History of Shih Tzu

  Dogs of various sizes, shapes and colors have been bred in China for centuries. Records substantiate the existence of short, square, “under the table” dogs from at least 1000 B.C. By piecing together historical facts and documented records, it is possible to some extent to follow the development in China of the breeding of dogs likely to be the ancestors of the present-day Shih Tzu.


   The ancestry of the Shih Tzu is rather obscure, but it is probable that  the breed is primarily of Tibetan origin. The history of the Tibetan “Lion Dogs” is interwoven with the tenets of Buddhism, which originated in India. The lion was closely associated with Buddhism, but the lion was not indigenous to China, so the Chinese and the Tibetan lamas bred their toy dogs to resemble lions. the Shih Tzu (whose name means “lion”) is reputed to have been the oldest and smallest variety of the Tibetan “holy dogs” and bears some similarity to other Tibetan breeds. For much of the long and illustrious history of china, the breeding of the small “Lion Dog” was a favorite pastime of succeeding imperial rulers. 


    Prior to A.D. 624, documents show that small dogs were exported from Malta, Turkey, Greece, and Persia as gifts to the ruling Chinese emperors. It is likely that the first small Tibetan Lion Dogs from which the Shih Tzu is probably descended came to China during the Qing (Ch’ing) Dynasty (1644-62) as tributes from the Grand Lamas to the Chinese Imperial Court, and that the Chinese interbred these Tibetan dogs with the early western imports and with the Pug and the Pekingese.


The Shih Tzu was bred to sit around the palace of the Emperor of China and bark when people or animals approached: this was allegedly to alert people to the presence of unwanted visitors.

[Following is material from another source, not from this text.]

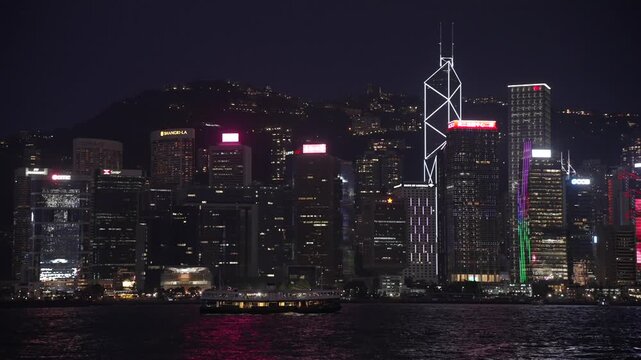 View of Hong Kong skyline and Star Ferry from Kowloon at night, Kowloon, Hong Kong, China, Asia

But the Shih Tzu soon became a favorite of the Imperial Chinese court as companion dogs rather than working dogs. 


The breed was so revered that for many years after the Chinese began trading with the West, they refused to sell, or even give away, any of the little dogs. The existence of the Shih Tzu as we know it today is owed to the Dowager Empress Cixi (T’zu Hsi), whose kennel of Pugs, Pekingese, and Shih Tzu was world renowned.


Although she carefully supervised the kennel during her lifetime and attempted to  keep the three imperial breeds separate, the actual breeding was carried out by palace eunuchs who secretly crossed the breeds to reduce size and produce unusual and desirable markings. After her death in 1908, the kennels were dispersed and palace breeding became haphazard. Some breeding was still practiced by private individuals and specimens were exhibited, but the dogs were almost impossible to acquire. It was not until 1930 that the first pair was exported to  England. So far as is known, the breed became extinct in China after the Communist revolution.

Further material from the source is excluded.